I’d like to officially go on the record and say that although I have yet to keep my promise and post/review things regularly (but seriously, at this point, did anyone really believe that I would be proactive about this?), I have, in fact, been reading many books from my summer reading list. GET AT ME.
Moving on. I did finally pick up my copy of The Sky Is Everywhere by Jandy Nelson, sooooooo here are my thoughts.
Seventeen-year-old Lennie Walker was sucker punched by the unforeseen death of her older sister, Bailey. As she muddles through her fried, she inconveniently finds herself involved with two very different boys. One distracts her from the sadness while the other comfortingly keeps Bailey’s memory alive. All the while, Lennie struggles to figure out who she is without using her sister as a lifeline.
Based on other reviewers, I was fully prepared to ugly-cry throughout most of this book. This was not he case. The grief and humor balanced each other out quite nicely, much like Toby and Joe did for Lennie.
What I Didn’t Like:
1. The whole relationship with Toby. Let me clarify: the “romance” felt forced to me- and maybe that was Nelson’s intention, but it was verrrrry uncomfortable (which was also probably part of Nelson’s plan). Because of Toby’s close relationship with Bailey’s family, I can understand why he’d be feeling displaced and desperate to connect with anything/anyone to do with Bailey. Once it was clear that Toby and Lennie couldn’t keep their hands off of one another, I got super duper creeped out.

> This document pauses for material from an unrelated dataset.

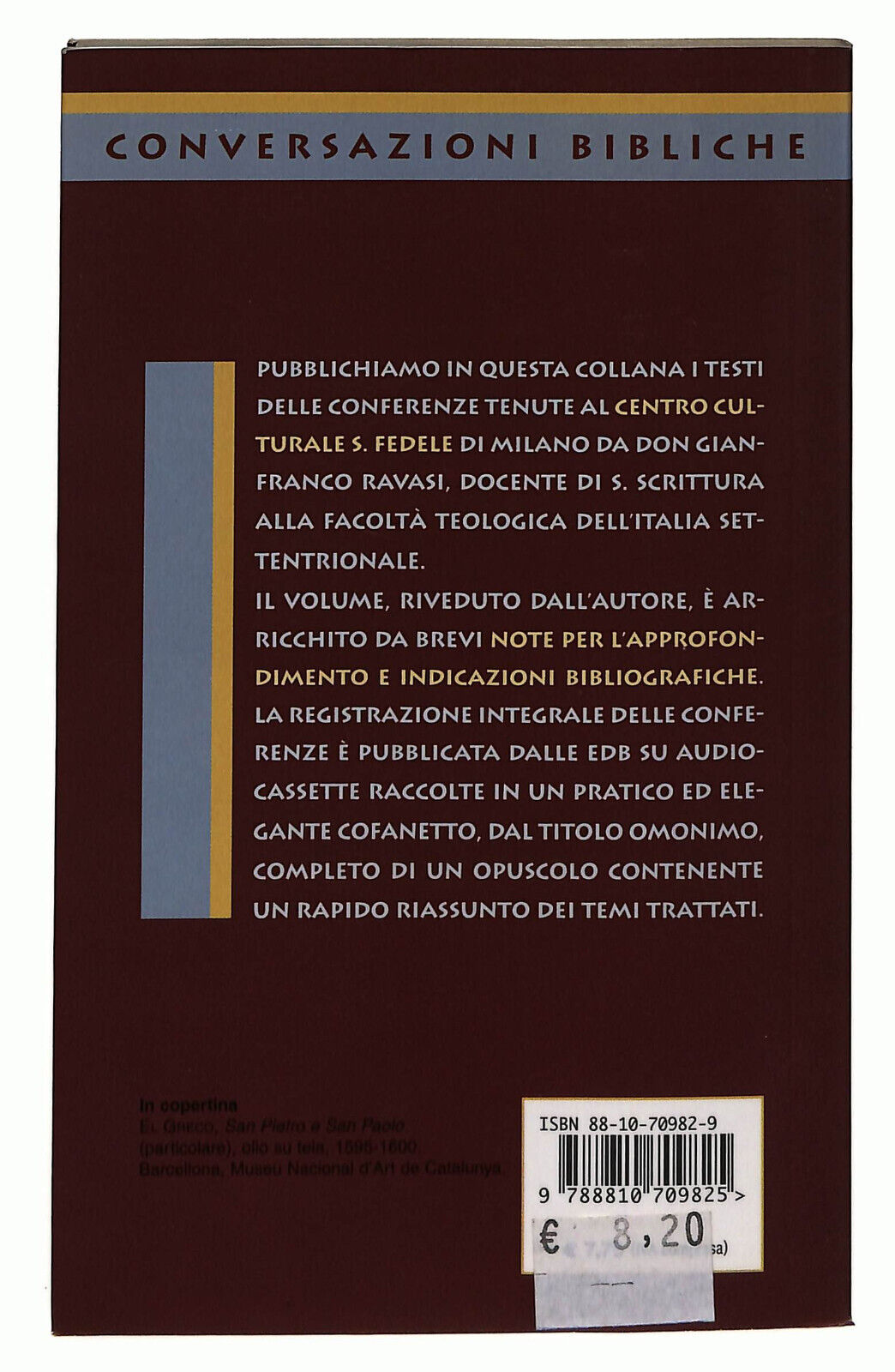 EBOND L'altro Nella Scrittura Pa... Di Gianfranco Ravasi Edb 2004 Libro LI036986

Honestly, this was really the only element that bothered me, but since it was such a huge part of the plot, it kept me from truly loving the book.
What I liked:
1. Joe (for the most part). He provided me, as the reader, with a sense of relief. He was a distraction form the sadness for me as much as he was for Lennie. It wasn’t even so much the cute romance between him and Lennie that added to the story; he was a breath of fresh air for Lennie, Gram and Uncle Big because they were all trying to keep from drowning in Bailey’s ghost. My one issue with Joe was that he was a bit too stubborn and unforgiving for a while there. Although shouldn’t that make him more well-rounded of a character? Probs.

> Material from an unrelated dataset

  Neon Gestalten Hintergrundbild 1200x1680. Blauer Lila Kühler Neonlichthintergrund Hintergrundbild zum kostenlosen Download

2. Lennie’s house. It sounds weird to like a physical object rater than a character or plot-line, but Lennie’s house gave me a better understanding of the family and the life they live- which seemed to be a very bohemian-y/care-free/in love with nature lifestyle. I got the sense that Gram tried to bring as much of the “outside” into the house.
3. “Road Reading.” The definition of which is: reading while walking (awesome). It’s an activity that Lennie and Bailey were famous for, as the neighbors knew to be on the look-out for the Walker sisters. Such a small and simple detail, yet a perfect way to define the closeness of the sisters. Plus, books, guys. BOOKS.

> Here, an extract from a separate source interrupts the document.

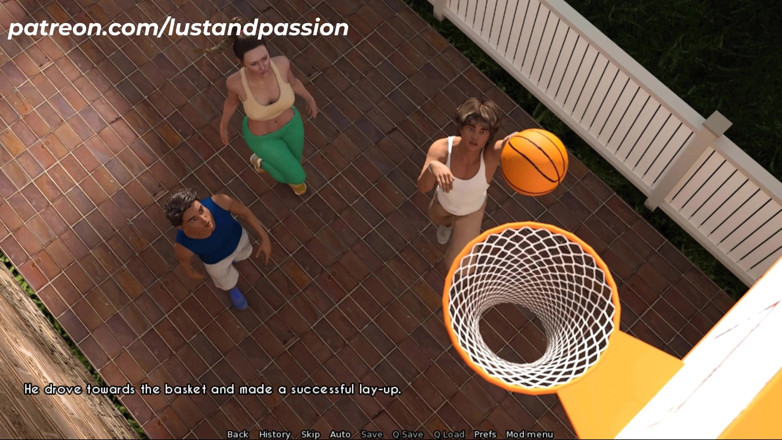 Johannes Gaming: AWAM # 1 Basketball mit den jungs spielen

4. Lennie’s memories. What made this book so poignant were the memories and snippets of conversations between she and Bailey, that Lennie recalls throughout the book. However, it’s the way in which she records said memories; notes are hastily scribbled on whatever scrap paper she can find and then leaves them behind. It’s as if she’s slowly releasing her grief through these memories, and once they’re written down and out in the world, she can pluck them from the sky and remember.
Overall, I enjoyed The Sky Is Everywhere. It took me waaaay too long to finish it, which probably kept me from totally loving it, but I would still recommend this book.